5.03.2012

Vaginal Room

My mother has begged.  The internet has forgotten.  Blogger has an updated interface.  And all but 2 followers remain.  What can I say? I have a little steam in the Engine again and feel like writing.  Writing may be a practice, but it also requires a certain amount of stamina and perspective to be worth anyone's time reading.  As this is a blog and not a personal diary, it's worth writing something worth reading.

My apologies for the 10 month delay!  My new blog, www.thepiedkingfisher.wordpress.com, has kept me happily busy and inspired and has little demand on my brain, enabling more freedom and creativity.  Food is just easy like that.

But the past 10 months have not passed without incident.  They have not been boring, nor have they been the most fun.  This 29/30th year in my life has me feeling the consequences of being on the cusp of adulthood and wondering when life will ease, and still I know I have yet to meet the darkest place.  May 1st passed this week and it was the one year anniversary of something unmentionable that happened last year.  Perhaps that was why writing felt impossible.  Perhaps that is why, one year later, I feel I am emerging to a better place.
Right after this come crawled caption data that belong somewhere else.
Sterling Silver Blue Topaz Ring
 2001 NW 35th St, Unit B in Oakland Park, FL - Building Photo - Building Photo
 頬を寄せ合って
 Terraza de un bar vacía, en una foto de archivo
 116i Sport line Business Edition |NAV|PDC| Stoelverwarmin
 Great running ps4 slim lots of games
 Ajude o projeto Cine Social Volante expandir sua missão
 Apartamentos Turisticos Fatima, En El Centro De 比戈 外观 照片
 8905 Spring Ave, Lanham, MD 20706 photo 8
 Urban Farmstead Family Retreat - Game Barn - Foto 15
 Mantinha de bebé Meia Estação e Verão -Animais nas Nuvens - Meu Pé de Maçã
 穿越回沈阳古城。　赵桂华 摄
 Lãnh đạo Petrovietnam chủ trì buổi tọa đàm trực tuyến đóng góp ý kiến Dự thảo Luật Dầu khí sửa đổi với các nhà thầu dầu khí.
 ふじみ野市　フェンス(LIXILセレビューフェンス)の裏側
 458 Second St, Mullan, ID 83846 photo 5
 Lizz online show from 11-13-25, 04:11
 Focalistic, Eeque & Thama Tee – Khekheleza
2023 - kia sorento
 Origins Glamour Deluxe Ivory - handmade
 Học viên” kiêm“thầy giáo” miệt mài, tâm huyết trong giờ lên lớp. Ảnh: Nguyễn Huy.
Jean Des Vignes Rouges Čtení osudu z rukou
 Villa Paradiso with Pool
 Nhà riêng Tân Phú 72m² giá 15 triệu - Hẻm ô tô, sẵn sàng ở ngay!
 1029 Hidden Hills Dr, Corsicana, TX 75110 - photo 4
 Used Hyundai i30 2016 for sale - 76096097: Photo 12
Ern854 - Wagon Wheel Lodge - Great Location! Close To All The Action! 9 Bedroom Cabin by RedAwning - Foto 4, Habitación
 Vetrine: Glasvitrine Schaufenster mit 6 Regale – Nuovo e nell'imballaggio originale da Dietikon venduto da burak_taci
It's not really worth recalculating the past year.  I know that one of my biggest personal hurdles in life is letting go.  It's hard when you have such a great memory!  But it's a burden and it's time to stop adding it up for some irrelevant subtotal, just to feel worse.  So here's moving on. A very short story - "Vaginal Room." At which point, if you know me, you may choose to stop reading (although this is not sexual, but medical!):

To top an off-year, I suppose it was time I encountered some, well, let me be subtle - female problems.  I'm sure you may have known from the heading.  But it was high time.  I have had few complaints for my cogs and chambers since reaching puberty over half my lifetime ago.

I had taken out the trash. Which, to most urbanized, citified folks would mean "taken it out to the curb."  But since I live on the veld and there is a wide expanse of rubbish heap 20 feet away (luckily on the windowless/road-less side of the cottage), it really meant taking the trash, neatly tied in a grocery-size parcel, to the front door.  So that Johannes could walk it the further 20 feet.  I hate taking out the trash.  Maybe it's because I always associated that duty as my brother's responsibility.  It's absurd, but I'd rather clean a toilet.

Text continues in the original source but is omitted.